For relative moves, asynchronous execution, mid-motion stop_cartesian_motion, and live Rerun visualization, follow the same patterns shown in the Set Joint Positions examples - just swap set_joint_positions for set_joint_position_in_cartesian_space, and use Stop Cartesian Motion (the TCP moves linearly) instead of stop_joint_motion.

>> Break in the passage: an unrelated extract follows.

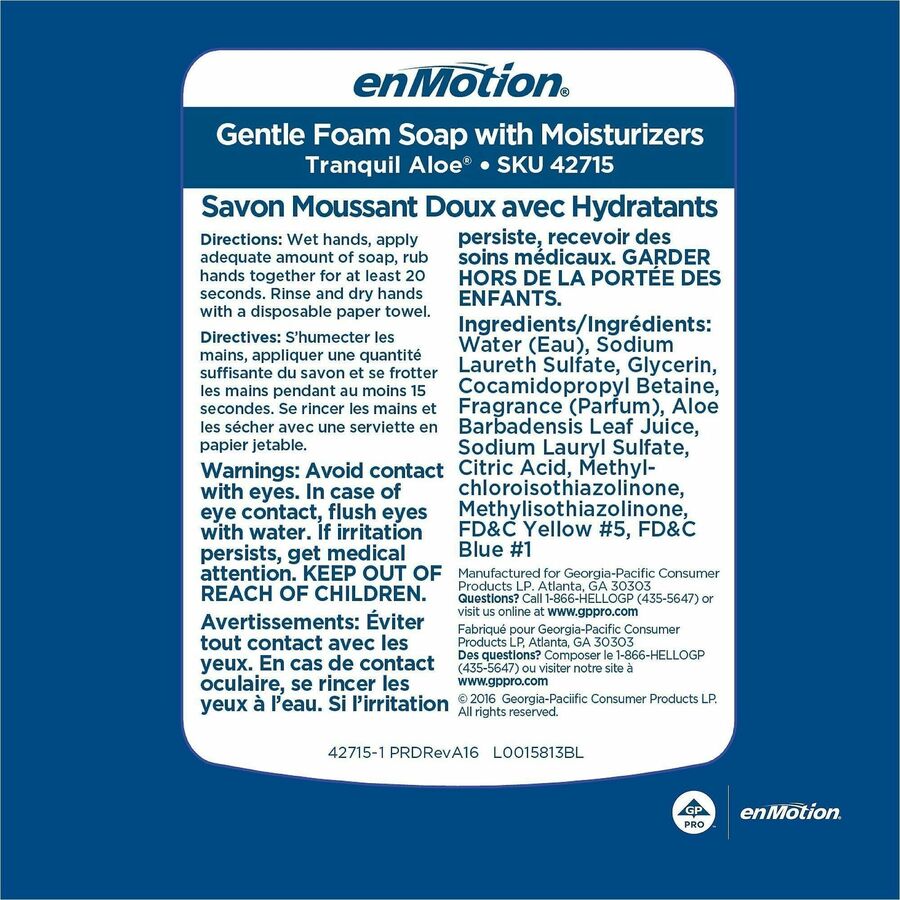 Image of enMotion 42715 Gentle Foam Soap Refills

How to Tune the Parameters

ParameterTypeDefaultDescription
joint_positionslist[float] | np.ndarray-Target joint angles in degrees. Length must equal the robot's DOF.
speedfloat1.05TCP linear speed in m/s. Keep low (0.05-0.25) during contact tasks and near obstacles.
accelerationfloat1.4TCP linear acceleration in m/s². Tune in tandem with speed.
asynchronousboolFalseIf True, the call returns immediately. Use Stop Cartesian Motion to interrupt the move before it completes.

WARNING

The FK-derived TCP path may pass near kinematic singularities depending on the joint target, which raises a RuntimeError at runtime. Validate the joint target with In Joint Limits and inspect the FK pose with Forward Kinematics before commanding motion.

Where to Use the Skill

  • Straight TCP paths to a joint-defined target - When you know the target in joint space but need a Cartesian-linear approach.
  • Assembly and insertion tasks - Straight-line approach paths reduce the risk of collisions near fixtures.